METALS-Copper rises on month-end buying, Fed caution caps gains
* Hot weather lifts demand for copper tube used in air conditioners
* Dollar falls ahead of Fed policy meeting outcome
* Coming up: FOMC post-meeting statement at 1800 GMT
LONDON, July 31 (Reuters) - Copper rose on Wednesday as month-end buying helped the metal retrace losses in the previous session and on demand from top consumer China, but trade was cautious ahead of the outcome of a Federal Reserve policy meeting.
Global growth is pegged to the rate of recovery in the U.S. economy and investors are worried an early withdrawal of support from the U.S. central bank by tapering back in its bond purchases could threaten the outlook.

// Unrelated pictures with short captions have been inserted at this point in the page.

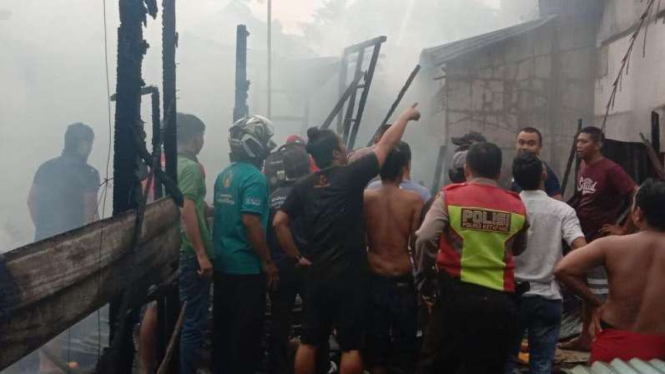 Rumah di Ketapang, Kalimantan Barat, terbakar.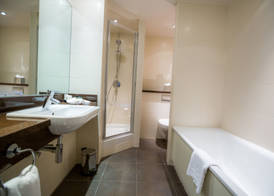 Crowne Plaza LONDON - EALING by IHG 4
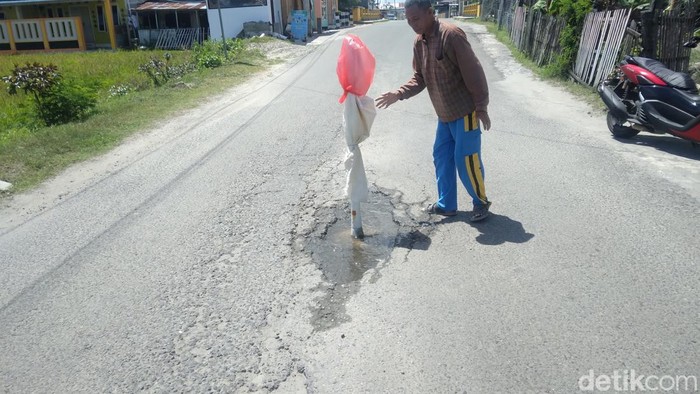 Jalan Taman Bunga, Kelurahan Moodu, Kecamatan Kota Timur, Gorontalo rusak parah hingga mengancam keselamatan pengguna jalan.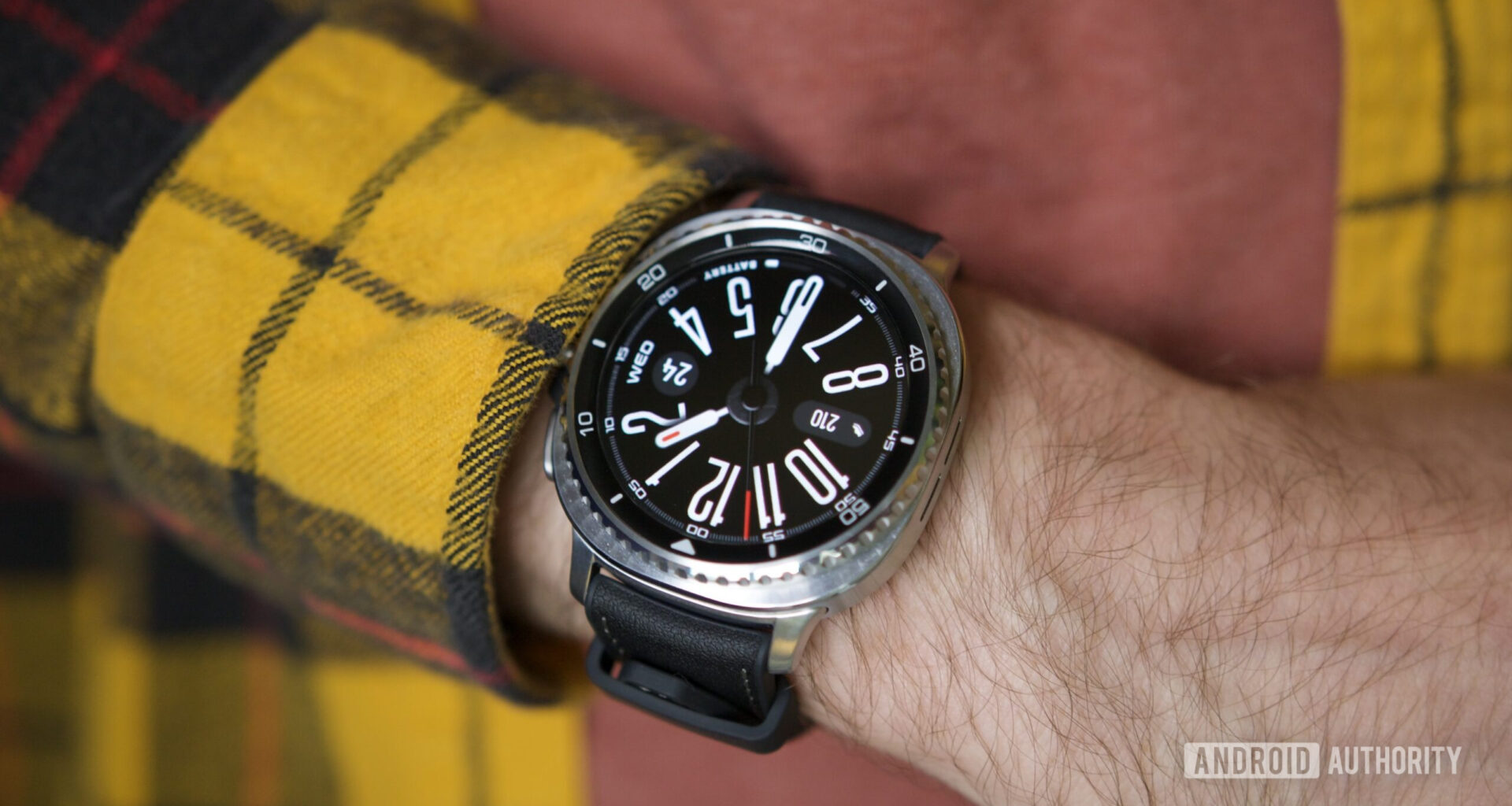 Samsung Galaxy Watch 8 Classic with a Facer watch face.
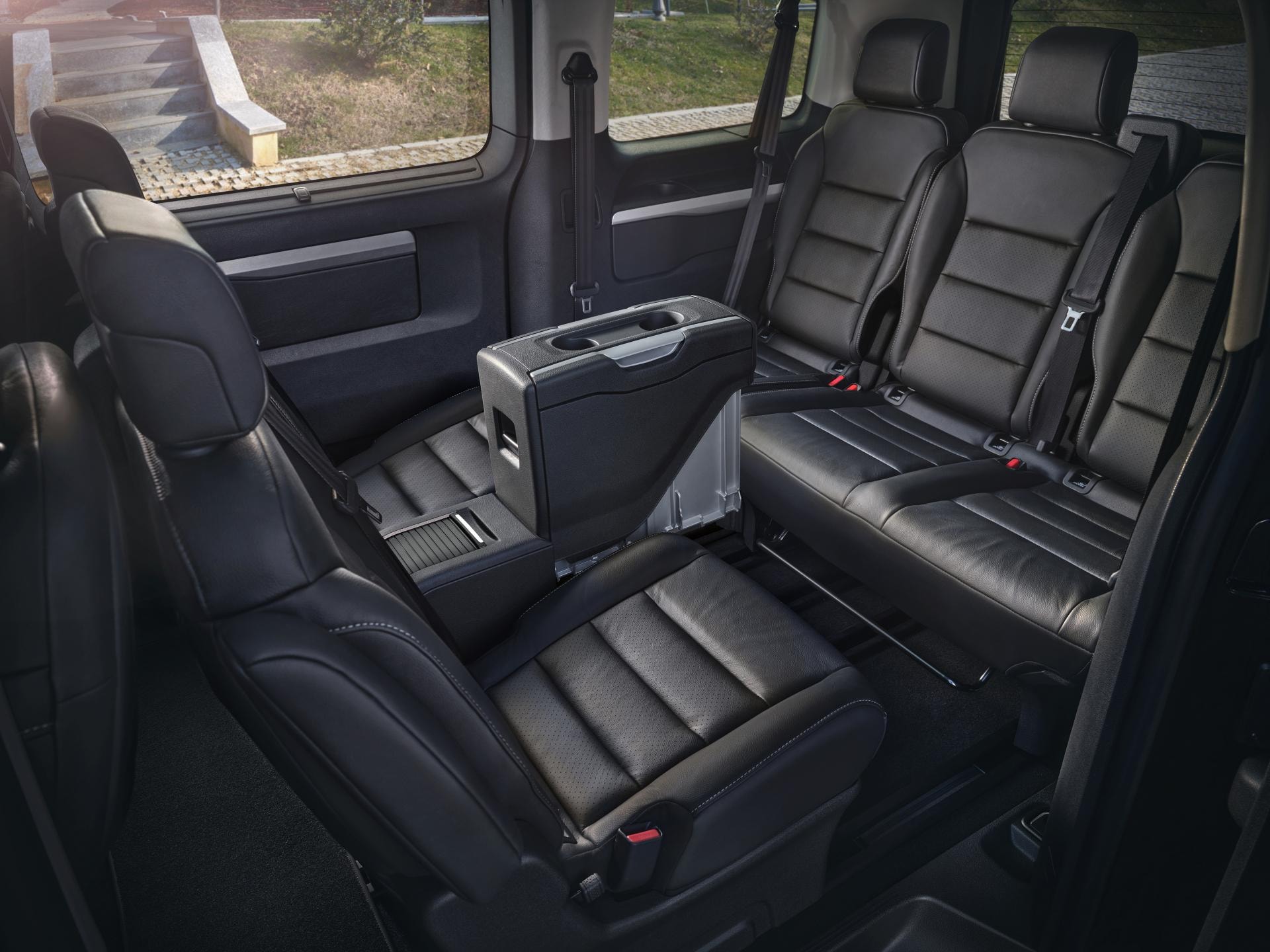 Asientos de cuero con detalles de acabado premium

Three-month copper on the London Metal Exchange rose 1 percent to $6,812 a tonne by 0949 GMT, paring losses from the previous session when it fell by 2 percent. It closed at $6,735 on Tuesday.
"The moves down yesterday were FOMC related, and today there is a bounce against yesterday's fall off," Citi analyst David Wilson said, referring to the U.S. Federal Open Markets Committee.
The FOMC will releases its post-meeting statement at 2 p.m (1800 GMT) on Wednesday.
Caution about the outcome of the meeting pushed the dollar lower, helping to prop up copper. A weaker dollar makes commodities prices in the unit less expensive for holders of other currencies.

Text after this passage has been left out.